One of the hardest transitions in training is taking the step from feeding, to something tactically more sensible.
I have noticed that this piece is rarely separated as a particular phase of training, there's usually feeding, perhaps multiple feeds (and working techniques off feeds of course)... and sparring, nothing in between.
I've been playing with this interim piece because it seems to make a more efficient segue to pure sparring because if you don't have an understanding of why and when something might work, there can be a tendency to 'trust to luck', and the competitive nature of sparring can make it difficult to keep focus and learn how to see this.
If 2 people are flowing, working on some aspect of the game, it obviously helps in the early stages of any new concept, for one to feed opportunities for their partner to work with. At first, just the very uncertainty of which side and what height a strike is coming from next, is enough to deal with.
After a while this becomes too simple ... so adding layers of uncertainty, through playing with timing and faking is a good next step - the 'when' and the 'what' if you like.

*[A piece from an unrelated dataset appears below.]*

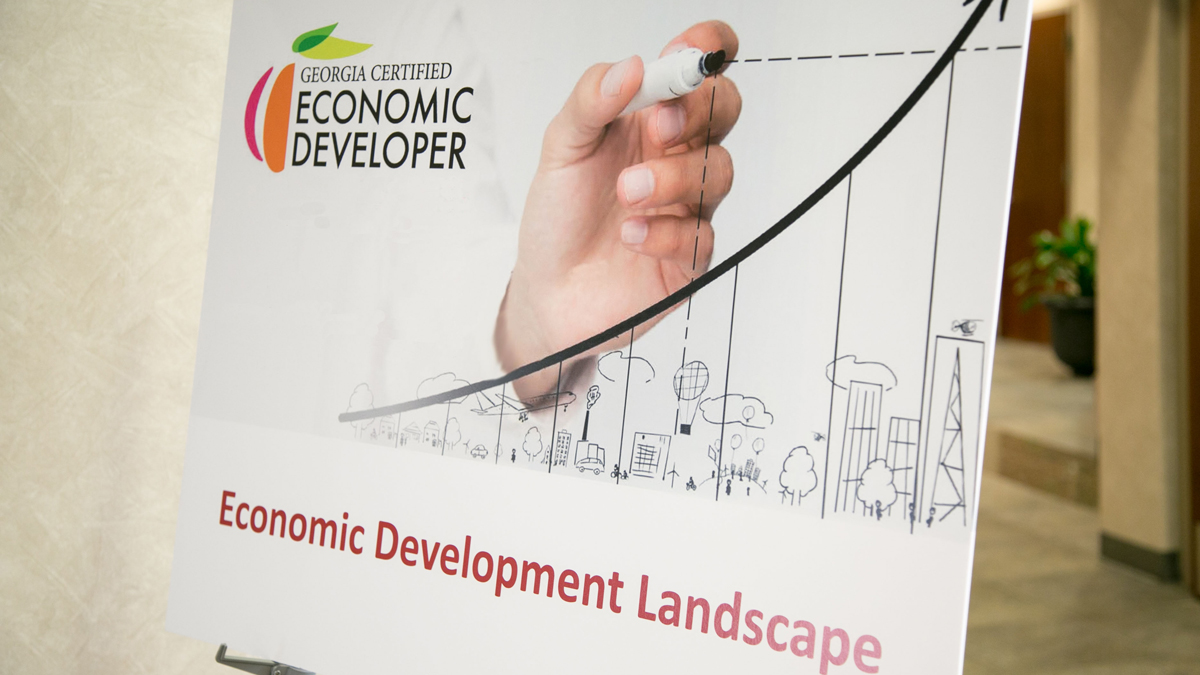 picture of Georgia Certified Economic Developer sign that promotes class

THEN ... and that's where the tricky part comes, the feeder needs to actually start to choose strikes, use the timing and fakes to create opportunities, real openings to actually go for
- NOT going for the side that is easy to defend,
- NOT cutting when the opponent can block easily, and
- ONLY cutting when they think they can reach the target ... thus adding the 'why', along with the 'when' and the 'what'.
That's the tricky transition, but super helpful if worked on consciously.
In effect what has happened is that the feeder is being fed a defensive line to breach. This is how it should be seen, and the better the defense, the harder the attacker will have to work. Even if the defender is a beginner and leaves obvious opportunities, the attacker should start consciously noticing them, both helping their own 'seeing' skills and the defender's. The defender still gets to defend, or practice other concepts ... just the feeder is now feeding more realistic 'questions' to answer.
It seems if there is not a transition at some point in the training to tactically 'sensible' behavior, both parties are at risk of wasting much time practicing entries that will not work, and defenses against things that are not true threats. The clanging and clashing may be fun and interactive, but it's not really helping build dueling skills.
Of course, the ability to lead and tactically choose is not a problem if you are the teacher, but this piece will help two people both learning how to see stuff when they are working together.